Network Security, Patch/Configuration Management, Vulnerability Management

Apple issues emergency fix for High Sierra root access flaw

A day after a developer revealed a root access flaw in macOS High Sierra version 10.13.1, Apple released an emergency patch, which it plans to push out today.

“This is absolutely a ‘drop everything and fix it' moment for Apple,” said Tim Erlin, vice president, product management and strategy, at Tripwire.

"While it's good that a patch is now available, it is an old way to approach the larger issue of network secruity. A patch, which may or may not be applied in a timely way, is reactive,” said Christopher Day, CSO at Cyxtera. “We need more proactive tools for protecting networks from illegitimate users.”

Noting that “authentication is not a binary action,” Day said, “credentials alone shouldn't be enough to gain network access.”

Developer Lemi Orhan Ergin's Tuesday reveal exposed the potentially dangerous flaw, which would allow just about anyone to take over a system and gain administrative rights. “This vulnerability requires no skill to exploit and provides complete access to the affected systems,” said Erlin.

But the security pro who discovered the bug caught some heat for the way the it was disclosed. “We noticed a *HUGE* security issue at MacOS High Sierra,” Ergin tweeted Tuesday, explaining that logging in was a simple as typing “root” in the name field while leaving the password field emply.

“Failing to follow responsible disclosure guidelines puts everyone at greater risk,” said Erlin. “Public disclosure like this, especially with a major vulnerability, ensures the widest possible distribution of the information among malicious attackers, and instills a sense of urgency to attack before a patch is available.”

Erlin said “organizations should step up monitoring of their Mac systems for root login activity as a mitigating control while they apply the recommended workaround.”

Craig Young, a Tripwire computer security researcher, noted that Apple has had a number of security issues. “Recent years have not been good for anyone relying on OS X for security.  Already in 2017, researchers revealed flaws allowing an attacker to extract passwords from the keychain (CVE-2017-7150), from APFS encrypted volumes (CVE-2017-7149), and from WiFi captive portals (CVE-2017-7143),” he said.  “In 2016, researchers also demonstrated the ability to discover FileVault 2 encryption passwords through a crafted Thunderbolt device (CVE-2016-7585) as well as some other password mishandling bugs (CVE-2016-4670 and CVE-2016-1851, for example).  The OS X kernel's security model was also effectively broken last year when Google Project Zero researcher, Ian Beer, described a new class of OS X bug allowing dozens of vectors for privilege escalation.” 

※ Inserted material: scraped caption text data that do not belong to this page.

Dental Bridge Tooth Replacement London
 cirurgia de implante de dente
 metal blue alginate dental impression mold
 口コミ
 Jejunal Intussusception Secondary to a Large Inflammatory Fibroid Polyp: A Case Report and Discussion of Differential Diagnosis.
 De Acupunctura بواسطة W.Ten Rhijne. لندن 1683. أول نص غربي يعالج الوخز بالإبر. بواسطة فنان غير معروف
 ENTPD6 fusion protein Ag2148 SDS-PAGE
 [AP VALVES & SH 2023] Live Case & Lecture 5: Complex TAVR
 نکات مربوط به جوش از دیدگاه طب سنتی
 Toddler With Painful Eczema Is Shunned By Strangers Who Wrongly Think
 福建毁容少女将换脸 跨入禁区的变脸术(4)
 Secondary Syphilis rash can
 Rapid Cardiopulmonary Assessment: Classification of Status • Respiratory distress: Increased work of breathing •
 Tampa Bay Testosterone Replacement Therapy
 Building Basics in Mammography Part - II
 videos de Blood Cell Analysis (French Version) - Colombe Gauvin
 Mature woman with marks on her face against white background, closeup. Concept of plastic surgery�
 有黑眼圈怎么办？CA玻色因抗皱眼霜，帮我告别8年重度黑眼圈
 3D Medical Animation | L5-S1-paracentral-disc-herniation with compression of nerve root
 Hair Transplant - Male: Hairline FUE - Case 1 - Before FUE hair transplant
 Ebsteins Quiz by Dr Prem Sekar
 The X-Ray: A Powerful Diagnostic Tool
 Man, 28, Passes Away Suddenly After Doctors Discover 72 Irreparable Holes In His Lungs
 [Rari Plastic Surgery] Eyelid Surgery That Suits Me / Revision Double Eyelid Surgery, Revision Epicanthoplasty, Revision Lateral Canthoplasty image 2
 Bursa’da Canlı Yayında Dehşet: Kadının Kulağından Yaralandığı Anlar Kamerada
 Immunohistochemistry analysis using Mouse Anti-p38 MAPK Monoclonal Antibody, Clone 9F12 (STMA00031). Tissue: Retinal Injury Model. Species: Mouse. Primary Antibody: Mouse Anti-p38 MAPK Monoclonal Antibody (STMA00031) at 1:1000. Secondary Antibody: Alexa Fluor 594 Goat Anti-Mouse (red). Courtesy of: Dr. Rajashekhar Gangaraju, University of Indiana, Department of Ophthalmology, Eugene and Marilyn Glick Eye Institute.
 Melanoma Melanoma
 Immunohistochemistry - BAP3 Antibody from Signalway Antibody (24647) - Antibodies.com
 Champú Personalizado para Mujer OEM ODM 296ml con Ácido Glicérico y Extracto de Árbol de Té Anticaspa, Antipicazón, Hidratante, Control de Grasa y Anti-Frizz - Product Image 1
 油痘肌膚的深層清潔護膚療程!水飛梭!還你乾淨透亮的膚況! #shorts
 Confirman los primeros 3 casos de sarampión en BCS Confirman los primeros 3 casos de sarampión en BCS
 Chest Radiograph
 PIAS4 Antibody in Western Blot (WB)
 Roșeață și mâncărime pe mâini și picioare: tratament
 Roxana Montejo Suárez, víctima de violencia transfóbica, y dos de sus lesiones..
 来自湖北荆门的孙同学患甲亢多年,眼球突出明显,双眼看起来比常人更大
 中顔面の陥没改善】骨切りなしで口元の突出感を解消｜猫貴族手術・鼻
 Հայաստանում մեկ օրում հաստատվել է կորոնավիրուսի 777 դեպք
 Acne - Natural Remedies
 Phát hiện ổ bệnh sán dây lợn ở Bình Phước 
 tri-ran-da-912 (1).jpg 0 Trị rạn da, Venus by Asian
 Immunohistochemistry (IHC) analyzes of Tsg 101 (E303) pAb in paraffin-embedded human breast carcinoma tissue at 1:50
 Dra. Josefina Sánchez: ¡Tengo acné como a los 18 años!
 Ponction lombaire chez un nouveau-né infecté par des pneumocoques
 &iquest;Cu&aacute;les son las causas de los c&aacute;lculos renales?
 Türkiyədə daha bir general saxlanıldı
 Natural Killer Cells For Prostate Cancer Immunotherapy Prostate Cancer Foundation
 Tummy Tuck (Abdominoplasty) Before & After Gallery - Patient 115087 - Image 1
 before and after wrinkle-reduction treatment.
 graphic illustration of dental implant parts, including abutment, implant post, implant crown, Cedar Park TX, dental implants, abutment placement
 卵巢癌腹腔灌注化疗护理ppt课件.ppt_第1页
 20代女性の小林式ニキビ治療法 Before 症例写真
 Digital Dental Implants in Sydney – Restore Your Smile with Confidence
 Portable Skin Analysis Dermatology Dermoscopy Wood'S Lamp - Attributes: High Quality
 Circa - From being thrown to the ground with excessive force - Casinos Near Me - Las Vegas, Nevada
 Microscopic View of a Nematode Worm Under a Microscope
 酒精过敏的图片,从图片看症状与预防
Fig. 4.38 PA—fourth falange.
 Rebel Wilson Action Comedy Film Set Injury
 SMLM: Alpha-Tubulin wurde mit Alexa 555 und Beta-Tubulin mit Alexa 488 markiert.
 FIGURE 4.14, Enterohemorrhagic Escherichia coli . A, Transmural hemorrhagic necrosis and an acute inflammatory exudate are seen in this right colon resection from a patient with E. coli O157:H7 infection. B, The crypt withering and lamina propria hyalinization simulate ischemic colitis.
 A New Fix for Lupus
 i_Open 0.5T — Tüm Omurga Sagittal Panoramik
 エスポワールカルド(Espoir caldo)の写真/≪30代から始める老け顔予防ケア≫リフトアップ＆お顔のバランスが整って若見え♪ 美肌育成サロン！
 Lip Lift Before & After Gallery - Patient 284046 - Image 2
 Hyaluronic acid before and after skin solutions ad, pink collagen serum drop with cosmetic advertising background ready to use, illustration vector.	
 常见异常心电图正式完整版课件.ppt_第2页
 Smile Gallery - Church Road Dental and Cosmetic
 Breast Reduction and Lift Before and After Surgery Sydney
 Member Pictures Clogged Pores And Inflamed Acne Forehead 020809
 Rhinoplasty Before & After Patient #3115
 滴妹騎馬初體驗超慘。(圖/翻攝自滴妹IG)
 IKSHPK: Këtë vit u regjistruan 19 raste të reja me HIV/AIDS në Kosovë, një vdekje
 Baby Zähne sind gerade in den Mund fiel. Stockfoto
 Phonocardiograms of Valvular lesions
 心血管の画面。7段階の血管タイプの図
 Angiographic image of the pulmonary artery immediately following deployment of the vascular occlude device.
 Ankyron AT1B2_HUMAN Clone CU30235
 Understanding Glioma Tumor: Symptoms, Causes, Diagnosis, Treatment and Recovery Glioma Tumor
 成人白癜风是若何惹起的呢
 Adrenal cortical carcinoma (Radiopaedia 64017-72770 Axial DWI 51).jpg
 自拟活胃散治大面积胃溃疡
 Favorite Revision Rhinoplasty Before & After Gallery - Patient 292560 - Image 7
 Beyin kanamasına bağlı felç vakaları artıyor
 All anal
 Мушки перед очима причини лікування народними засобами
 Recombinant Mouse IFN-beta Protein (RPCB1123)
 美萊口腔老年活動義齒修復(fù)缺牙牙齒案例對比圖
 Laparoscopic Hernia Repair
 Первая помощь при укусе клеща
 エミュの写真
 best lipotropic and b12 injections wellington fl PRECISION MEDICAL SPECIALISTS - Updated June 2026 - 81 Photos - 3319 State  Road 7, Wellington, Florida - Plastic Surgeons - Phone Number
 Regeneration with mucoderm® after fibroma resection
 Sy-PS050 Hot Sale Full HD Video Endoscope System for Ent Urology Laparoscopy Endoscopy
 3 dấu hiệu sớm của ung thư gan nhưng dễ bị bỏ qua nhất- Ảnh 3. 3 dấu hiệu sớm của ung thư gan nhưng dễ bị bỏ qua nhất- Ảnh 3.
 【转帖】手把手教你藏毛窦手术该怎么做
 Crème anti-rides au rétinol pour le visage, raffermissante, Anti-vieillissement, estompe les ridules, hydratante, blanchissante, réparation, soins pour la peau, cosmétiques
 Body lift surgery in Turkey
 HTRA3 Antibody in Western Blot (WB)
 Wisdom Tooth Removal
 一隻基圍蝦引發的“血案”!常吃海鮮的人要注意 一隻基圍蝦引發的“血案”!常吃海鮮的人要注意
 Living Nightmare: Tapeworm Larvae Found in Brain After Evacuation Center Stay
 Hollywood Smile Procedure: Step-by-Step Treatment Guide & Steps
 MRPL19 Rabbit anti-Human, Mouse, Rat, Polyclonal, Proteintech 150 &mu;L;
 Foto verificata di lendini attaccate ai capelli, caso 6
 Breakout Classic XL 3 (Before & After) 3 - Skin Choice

The company should “seriously re-evaluate how they perform quality assurance testing as there is really no excuse for releasing macOS with some of these blatant security failings,” said Young. “Looking at the history of macOS releases tells a pretty interesting story about the kind of quality coming out of Cupertino recently.”

For the last couple of years after Apple has released a major update for their operating system in September, the company “has had to follow-up the major release with a quick succession of fixes for issues detected after launch,” said Young. “In fact, this is the third year in a row where it looks like Apple will have three versions of their OS released before the end of the year.  Some of these were because of buggy behavior, while others were due to gaping security holes like revealing the actual password in a password hint field.”